If you've seen The Fisher King, you probably know what I mean, in that Gilliam is enamored of the power of fantasy. That's all well and good. I thought the story would about the power of storytelling and narrative (something I think a lot about in writing this blog). But although it portrays itself as such (with a scene about "the story that sustains the universe"), it's really about the power of imagination. Narrative takes a back seat to chaotically wild fantastical images and scenarios, all of which are supposed to impress us by how weird they are.

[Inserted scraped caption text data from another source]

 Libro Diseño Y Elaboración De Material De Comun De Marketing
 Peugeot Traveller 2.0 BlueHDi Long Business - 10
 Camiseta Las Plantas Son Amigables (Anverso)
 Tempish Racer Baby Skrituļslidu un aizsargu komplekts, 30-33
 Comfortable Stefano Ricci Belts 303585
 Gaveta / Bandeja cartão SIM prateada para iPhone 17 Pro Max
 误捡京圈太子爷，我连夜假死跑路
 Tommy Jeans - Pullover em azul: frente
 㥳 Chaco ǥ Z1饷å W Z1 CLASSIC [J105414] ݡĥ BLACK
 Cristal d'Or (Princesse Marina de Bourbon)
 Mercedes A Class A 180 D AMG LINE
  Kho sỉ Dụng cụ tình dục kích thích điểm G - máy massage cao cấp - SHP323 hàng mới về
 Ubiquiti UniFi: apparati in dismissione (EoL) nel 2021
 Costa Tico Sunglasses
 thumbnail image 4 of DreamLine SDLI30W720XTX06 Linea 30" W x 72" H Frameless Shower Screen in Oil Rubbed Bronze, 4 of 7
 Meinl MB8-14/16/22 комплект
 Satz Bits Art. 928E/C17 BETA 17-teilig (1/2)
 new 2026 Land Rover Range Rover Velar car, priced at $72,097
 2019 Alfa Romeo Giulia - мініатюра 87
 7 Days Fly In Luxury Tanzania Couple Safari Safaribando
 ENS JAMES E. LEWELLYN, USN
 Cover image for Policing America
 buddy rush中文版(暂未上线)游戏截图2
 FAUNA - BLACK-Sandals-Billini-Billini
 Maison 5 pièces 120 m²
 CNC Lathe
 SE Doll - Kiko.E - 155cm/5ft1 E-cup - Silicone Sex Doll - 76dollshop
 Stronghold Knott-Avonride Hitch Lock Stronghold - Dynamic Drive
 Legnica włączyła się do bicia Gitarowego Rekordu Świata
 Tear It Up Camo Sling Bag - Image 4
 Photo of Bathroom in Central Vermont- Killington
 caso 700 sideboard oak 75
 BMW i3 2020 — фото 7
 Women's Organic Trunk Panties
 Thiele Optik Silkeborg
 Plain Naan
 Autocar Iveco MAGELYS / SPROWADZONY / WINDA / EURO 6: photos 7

The story creaks along this premise, mostly OK until the third act, when the story deficiencies catch up with it. In the last half hour it becomes a rather confusing mish-mash of wild events and settings (supposedly all taking place in a Wonderland beyond-the-looking-glass world inside one characters head). All of this wildness seems to obscure the lack of coherent plot line towards the end of the movie. The fantastical scenes simply don't add up to a real story that kept me interested.

To be fair, it might have made a little more sense had Ledger not died during filming. It would have kept me from being distracted by thoughts like "Is that Colin Farrel? Oh yes it is" just when I'd gotten used to Johnny Depp as the standin for Ledger in earlier scenes.

But it's not the fatal flaw of the movie. Instead it's that the story becomes a jumbled bag of absurd surreal scenes strung together towards a climax that seemed to have little to do with the first two acts of the movie. Moreover the ending of the movie is just a freaking depressing downer, one that strikes the wrong note after one has spent two hours thinking "Gosh it's a shame what happened to Heath."

In any case, it was perhaps the perfect Boulder movie to me---weird things coming at me in chaotic fashion, and leaving me with a deflated soul and a bad taste in my mouth. What it is about that place? I guess at heart I'll always be a hick from the Fort.